Застав в училище такое положение, я, десятилетний мальчишка, по собственной интуиции нашел modus vivendi[7]: с поляками стал говорить по-польски, с русскими товарищами, которых было в каждом классе по три, по четыре,– всегда по-русски. Так как многие из них действительно ополячились, я не раз подтрунивал над ними, поругивал их, а иногда в серьезных случаях и поколачивал, когда позволяло «соотношение сил». Помню, какое нравственное удовлетворение доставило мне однажды (в 6-м классе), когда мой приятель – серьезный юноша и добрый поляк,– после одной такой сценки, пожал мне руку и сказал:
– Я тебя уважаю за то, что ты со своими говоришь по-русски.
Кроме поляков и русских, в каждом классе училища были и евреи – не более двух-трех. Хотя почти половина населения города состояла из евреев, которые держали в своих руках всю торговлю, и много среди них было людей состоятельных, но лишь очень немногие отдавали тогда своих детей в училище.
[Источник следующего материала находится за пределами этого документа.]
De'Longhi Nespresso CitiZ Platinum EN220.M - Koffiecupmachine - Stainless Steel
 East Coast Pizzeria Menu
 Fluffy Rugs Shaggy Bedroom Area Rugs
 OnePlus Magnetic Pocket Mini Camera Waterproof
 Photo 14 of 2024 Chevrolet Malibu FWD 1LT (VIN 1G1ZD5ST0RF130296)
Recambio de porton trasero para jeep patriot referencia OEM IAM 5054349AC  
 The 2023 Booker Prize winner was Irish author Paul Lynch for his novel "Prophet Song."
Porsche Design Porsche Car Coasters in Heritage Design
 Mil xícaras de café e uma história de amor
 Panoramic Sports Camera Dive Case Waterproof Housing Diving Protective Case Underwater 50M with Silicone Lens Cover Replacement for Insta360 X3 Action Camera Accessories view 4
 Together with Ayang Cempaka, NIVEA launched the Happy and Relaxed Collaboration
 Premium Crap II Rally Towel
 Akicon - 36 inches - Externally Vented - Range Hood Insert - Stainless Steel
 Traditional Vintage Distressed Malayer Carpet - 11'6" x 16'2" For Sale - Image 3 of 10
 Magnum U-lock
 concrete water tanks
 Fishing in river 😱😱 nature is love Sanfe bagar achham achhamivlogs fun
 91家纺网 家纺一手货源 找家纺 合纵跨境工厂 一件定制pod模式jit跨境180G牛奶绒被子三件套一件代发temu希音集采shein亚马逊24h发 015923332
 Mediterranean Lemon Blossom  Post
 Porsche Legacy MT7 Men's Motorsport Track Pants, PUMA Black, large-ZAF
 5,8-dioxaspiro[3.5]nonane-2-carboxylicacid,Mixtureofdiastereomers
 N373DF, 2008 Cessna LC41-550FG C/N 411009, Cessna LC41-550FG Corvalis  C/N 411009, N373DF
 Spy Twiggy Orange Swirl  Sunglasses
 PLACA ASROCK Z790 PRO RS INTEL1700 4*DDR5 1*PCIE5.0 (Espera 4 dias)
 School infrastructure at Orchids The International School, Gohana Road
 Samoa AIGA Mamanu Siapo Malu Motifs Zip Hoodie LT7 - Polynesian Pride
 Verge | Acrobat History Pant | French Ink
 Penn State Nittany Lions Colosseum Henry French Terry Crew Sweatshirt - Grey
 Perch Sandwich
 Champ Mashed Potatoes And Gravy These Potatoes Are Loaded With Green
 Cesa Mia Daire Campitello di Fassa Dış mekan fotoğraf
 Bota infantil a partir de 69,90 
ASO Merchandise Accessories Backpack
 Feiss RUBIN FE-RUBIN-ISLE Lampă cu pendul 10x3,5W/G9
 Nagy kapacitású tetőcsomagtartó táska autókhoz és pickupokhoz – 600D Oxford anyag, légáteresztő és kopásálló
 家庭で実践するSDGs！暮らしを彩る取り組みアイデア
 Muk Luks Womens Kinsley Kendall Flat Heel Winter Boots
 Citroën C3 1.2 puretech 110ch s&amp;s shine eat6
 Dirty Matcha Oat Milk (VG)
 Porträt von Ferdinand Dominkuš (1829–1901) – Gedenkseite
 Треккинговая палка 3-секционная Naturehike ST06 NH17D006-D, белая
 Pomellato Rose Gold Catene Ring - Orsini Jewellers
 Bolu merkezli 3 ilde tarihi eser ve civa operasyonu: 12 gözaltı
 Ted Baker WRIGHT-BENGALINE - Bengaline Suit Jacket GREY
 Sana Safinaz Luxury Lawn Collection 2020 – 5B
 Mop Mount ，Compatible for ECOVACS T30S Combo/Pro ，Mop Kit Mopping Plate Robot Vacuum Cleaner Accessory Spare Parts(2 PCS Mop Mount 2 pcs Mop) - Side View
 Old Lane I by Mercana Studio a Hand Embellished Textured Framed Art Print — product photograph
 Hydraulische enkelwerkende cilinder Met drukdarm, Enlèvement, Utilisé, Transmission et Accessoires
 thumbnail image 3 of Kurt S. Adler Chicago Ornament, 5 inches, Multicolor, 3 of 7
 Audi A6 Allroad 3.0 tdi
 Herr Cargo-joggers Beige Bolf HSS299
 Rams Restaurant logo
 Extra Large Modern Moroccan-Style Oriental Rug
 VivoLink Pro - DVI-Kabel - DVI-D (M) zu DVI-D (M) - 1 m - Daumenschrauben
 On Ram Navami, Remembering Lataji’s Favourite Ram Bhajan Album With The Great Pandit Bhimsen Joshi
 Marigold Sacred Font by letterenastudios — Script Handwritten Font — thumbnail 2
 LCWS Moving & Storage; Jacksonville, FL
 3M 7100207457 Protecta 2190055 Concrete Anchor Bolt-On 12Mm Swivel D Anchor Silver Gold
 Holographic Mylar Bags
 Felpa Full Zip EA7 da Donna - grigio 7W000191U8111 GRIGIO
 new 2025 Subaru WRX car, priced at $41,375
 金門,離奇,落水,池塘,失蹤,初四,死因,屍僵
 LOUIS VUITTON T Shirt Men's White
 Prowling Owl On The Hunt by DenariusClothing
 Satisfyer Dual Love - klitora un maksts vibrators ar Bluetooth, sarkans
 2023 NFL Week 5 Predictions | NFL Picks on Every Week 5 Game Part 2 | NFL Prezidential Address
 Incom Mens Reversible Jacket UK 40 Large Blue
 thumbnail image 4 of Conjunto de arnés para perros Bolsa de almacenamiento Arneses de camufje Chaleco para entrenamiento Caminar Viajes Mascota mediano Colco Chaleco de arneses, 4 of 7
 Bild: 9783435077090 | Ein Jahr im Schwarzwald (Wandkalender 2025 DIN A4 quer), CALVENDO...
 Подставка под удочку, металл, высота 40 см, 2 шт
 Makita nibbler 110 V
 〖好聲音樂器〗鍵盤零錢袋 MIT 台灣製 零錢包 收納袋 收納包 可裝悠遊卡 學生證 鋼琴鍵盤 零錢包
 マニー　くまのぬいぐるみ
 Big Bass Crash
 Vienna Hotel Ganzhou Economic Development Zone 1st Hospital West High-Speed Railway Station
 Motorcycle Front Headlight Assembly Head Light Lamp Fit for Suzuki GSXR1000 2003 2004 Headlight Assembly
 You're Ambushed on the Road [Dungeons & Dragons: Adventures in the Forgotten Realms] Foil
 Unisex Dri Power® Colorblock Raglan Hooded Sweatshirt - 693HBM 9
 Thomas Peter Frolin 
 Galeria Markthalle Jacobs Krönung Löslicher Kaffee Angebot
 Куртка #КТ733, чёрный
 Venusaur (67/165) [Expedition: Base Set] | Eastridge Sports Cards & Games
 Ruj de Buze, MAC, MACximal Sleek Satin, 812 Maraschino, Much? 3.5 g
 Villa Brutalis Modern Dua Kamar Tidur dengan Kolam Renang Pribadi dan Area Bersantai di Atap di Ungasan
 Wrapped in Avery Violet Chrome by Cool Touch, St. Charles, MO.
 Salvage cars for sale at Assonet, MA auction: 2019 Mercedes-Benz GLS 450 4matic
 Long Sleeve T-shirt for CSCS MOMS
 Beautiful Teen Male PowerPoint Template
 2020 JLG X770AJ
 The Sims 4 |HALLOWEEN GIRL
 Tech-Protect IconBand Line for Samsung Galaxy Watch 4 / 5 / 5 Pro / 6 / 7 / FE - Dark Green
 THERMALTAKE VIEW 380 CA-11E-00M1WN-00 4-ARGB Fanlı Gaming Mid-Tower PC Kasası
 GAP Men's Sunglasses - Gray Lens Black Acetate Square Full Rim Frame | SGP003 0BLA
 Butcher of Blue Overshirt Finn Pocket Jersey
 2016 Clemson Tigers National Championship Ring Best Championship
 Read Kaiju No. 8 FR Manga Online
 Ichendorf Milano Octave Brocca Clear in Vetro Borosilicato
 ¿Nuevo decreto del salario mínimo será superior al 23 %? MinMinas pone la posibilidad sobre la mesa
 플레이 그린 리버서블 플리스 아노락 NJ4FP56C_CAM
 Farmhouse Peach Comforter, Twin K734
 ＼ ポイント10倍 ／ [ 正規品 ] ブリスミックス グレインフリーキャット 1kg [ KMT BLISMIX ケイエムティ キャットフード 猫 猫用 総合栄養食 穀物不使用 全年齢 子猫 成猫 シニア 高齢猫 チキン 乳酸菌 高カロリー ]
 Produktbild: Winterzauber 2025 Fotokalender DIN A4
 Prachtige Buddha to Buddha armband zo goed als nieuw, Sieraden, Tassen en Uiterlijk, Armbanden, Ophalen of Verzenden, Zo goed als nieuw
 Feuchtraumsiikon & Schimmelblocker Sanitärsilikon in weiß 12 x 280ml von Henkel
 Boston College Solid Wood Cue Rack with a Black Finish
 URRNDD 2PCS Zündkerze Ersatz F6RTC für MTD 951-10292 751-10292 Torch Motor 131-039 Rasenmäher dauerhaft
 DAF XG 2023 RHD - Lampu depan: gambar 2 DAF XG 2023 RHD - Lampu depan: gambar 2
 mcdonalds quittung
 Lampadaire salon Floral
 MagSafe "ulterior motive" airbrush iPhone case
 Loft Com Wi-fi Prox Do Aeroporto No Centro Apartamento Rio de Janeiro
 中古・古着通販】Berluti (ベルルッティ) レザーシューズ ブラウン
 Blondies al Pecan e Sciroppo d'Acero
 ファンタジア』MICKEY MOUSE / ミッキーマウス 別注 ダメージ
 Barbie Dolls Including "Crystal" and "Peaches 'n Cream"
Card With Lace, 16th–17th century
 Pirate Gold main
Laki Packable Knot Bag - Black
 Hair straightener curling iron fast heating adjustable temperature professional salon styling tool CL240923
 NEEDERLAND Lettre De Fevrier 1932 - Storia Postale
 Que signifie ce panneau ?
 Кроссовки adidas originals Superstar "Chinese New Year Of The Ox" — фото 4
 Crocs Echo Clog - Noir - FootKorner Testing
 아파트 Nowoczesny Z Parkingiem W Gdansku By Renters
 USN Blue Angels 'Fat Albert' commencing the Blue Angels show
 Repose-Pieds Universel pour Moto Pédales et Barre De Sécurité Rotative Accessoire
Остальные ограничивались хедером – специально еврейской, отсталой, талмудистской, средневекового типа школой, которая допускалась властью, но не давала никаких прав по образованию. В нашем реальном училище «еврейского вопроса» не существовало вовсе: сверху евреи не испытывали никаких ограничений, а в ученической среде расценивались только по своим моральным, вернее, товарищеским качествам.
В 7-м классе я учился уже вне дома, в Ловичском реальном училище, о чем речь впереди. Был «старшим» на ученической квартире (12 человек). Должность «старшего» предоставляла скидку – половину платы за содержание, что было весьма приятно; состояла в надзоре за внутренним порядком, что было естественно; но требовала заполнения месячной отчетности, в одной из граф которой значилось: «уличенные в разговоре на польском языке».
Это было совсем тягостно, ибо являлось попросту доносом. Рискуя быть смещенным с должности, что на нашем бюджете отразилось бы весьма печально, я всякий раз вносил в графу: «таких случаев не было».
Месяца через три вызывают меня к директору. Директор Левшин знал меня еще по Влоцлавскому училищу, откуда он был переведен в Лович, и любил. За что – не знаю. Должно быть, за то, что я порядочно учился и хорошо пел в ученическом церковном хоре – его детище.
– Вы уже третий раз пишете в отчетности, что уличенных в разговоре на польском языке не было…
– Да, господин директор.
– Я знаю, что это неправда.
Молчу.
– Вы не хотите понять, что этой меры требуют русские государственные интересы: мы должны замирить и обрусить этот край. Ну что же, подрастете и когда-нибудь поймете. Можете идти.
Был ли директор твердо уверен в своей правоте и в целесообразности такого метода «замирения» – не знаю. Но до конца учебного года в моем отчете появлялась сакраментальная фраза – «таких случаев не было», а с должности меня не сместили.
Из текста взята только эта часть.